Y luego, por supuesto, está Gadafi, que se hizo con el poder en un golpe militar cuando no tenía más que veintitantos años y durante los 42 siguientes ha mantenido unido Libia; un país que, durante casi toda su historia, ha sido una expresión geográfica sin ningún sentimiento de Estado. Como gobernaba con una mezcla de política tribal y el puño de hierro de los servicios de seguridad interior, Gadafi no construyó ningún espíritu de Estado y, por consiguiente, va a dejar un vacío absoluto cuando se vaya. El hecho de que no se haya ido en silencio es señal de que él tampoco lucha por cuestiones concretas, sino por una visión del honor que nos resulta primitiva, porque lo vincula a la región, la tribu y el territorio.

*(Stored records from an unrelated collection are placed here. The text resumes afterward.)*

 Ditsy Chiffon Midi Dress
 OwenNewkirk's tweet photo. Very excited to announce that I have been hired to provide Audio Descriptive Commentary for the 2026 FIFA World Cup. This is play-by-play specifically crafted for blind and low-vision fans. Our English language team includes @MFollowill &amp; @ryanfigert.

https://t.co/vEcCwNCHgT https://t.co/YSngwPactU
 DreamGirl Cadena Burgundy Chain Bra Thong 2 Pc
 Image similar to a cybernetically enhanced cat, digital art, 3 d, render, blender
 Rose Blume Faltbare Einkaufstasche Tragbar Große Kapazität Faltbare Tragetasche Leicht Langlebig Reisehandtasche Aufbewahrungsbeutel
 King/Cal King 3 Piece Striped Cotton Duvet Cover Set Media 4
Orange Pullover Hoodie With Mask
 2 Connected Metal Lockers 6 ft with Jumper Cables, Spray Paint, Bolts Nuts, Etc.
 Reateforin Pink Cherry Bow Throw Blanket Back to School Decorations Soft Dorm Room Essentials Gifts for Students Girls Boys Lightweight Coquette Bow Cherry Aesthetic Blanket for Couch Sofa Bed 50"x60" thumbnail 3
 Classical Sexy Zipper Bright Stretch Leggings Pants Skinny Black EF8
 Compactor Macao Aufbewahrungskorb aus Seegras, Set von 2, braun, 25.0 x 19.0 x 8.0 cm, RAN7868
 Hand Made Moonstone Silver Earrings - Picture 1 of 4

Pero, ya que hablamos de tribus y territorios, es importante comprender que el tipo especial de tribalismo que constituye un factor esencial en los gobiernos de Gadafi, Saleh y Gbagbo no tiene nada del tribalismo primitivo, anterior al Estado moderno, sino que, como lo definió el difunto antropólogo europeo Ernest Gellner, es el rechazo consciente a un gobierno concreto en favor de una cultura y una moral más amplias. En otras palabras, si algunas tribus están en contra de un Estado yemení fuerte, quizá no lo hacen por el deseo de anarquía, sino porque quieren tender la mano a la cultura islámica en su conjunto y a un Estado no represivo. Lo mismo sucede con los tradicionales llamamientos de Gadafi a la unidad política árabe y los intentos de Gbagbo de eliminar las fronteras del colonialismo francés, que le hacían dirigirse sólo a parte de la población del país.

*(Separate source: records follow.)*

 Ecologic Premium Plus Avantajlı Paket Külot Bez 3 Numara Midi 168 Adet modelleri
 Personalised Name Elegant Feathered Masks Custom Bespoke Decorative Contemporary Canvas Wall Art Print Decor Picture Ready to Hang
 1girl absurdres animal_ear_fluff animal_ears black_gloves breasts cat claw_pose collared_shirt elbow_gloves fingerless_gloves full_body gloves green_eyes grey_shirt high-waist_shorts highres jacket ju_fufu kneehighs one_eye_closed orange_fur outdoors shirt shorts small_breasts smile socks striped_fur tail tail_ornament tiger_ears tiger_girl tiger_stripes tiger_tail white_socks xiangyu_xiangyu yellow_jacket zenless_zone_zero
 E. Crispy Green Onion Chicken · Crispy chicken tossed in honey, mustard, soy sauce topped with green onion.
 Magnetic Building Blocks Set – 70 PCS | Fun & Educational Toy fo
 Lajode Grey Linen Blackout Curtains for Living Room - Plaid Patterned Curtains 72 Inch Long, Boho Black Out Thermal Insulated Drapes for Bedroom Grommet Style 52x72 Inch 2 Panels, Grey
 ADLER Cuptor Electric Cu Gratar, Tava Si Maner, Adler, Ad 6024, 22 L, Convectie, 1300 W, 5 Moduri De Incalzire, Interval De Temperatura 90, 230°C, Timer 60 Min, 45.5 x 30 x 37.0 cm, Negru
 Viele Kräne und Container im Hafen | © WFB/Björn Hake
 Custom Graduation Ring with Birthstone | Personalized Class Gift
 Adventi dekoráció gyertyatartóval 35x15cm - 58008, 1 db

Está claro que la vida bajo el gobierno de estos hombres era un infierno, pero su locura tenía cierto sentido, aunque yo lo haya simplificado mucho. Nadie es capaz de plasmar el atractivo de la vida fuera del Estado con tanto talento como el antropólogo de la Universidad de Yale James C. Scott en su libro The Art of Not Being Governed: An Anarchist History of Upland Southeast Asia. Las tribus actuales, sugiere Scott, no viven fuera de la historia, sino que tienen "toda la historia que necesitan" para "eludir el Estado" de forma deliberada. Es decir, las tribus poseen todas sus tradiciones y, por tanto, no quieren que el gobierno se inmiscuya en sus asuntos.
Gadafi, Saleh y Gbagbo han vivido con esta compleja y ambigua realidad toda su vida, y por eso no han construido Estados, pero otro motivo, además de las razones morales, es que no han encontrado ninguna simpatía en Occidente. Ahora bien, ése no es argumento para no tratar de entenderlos.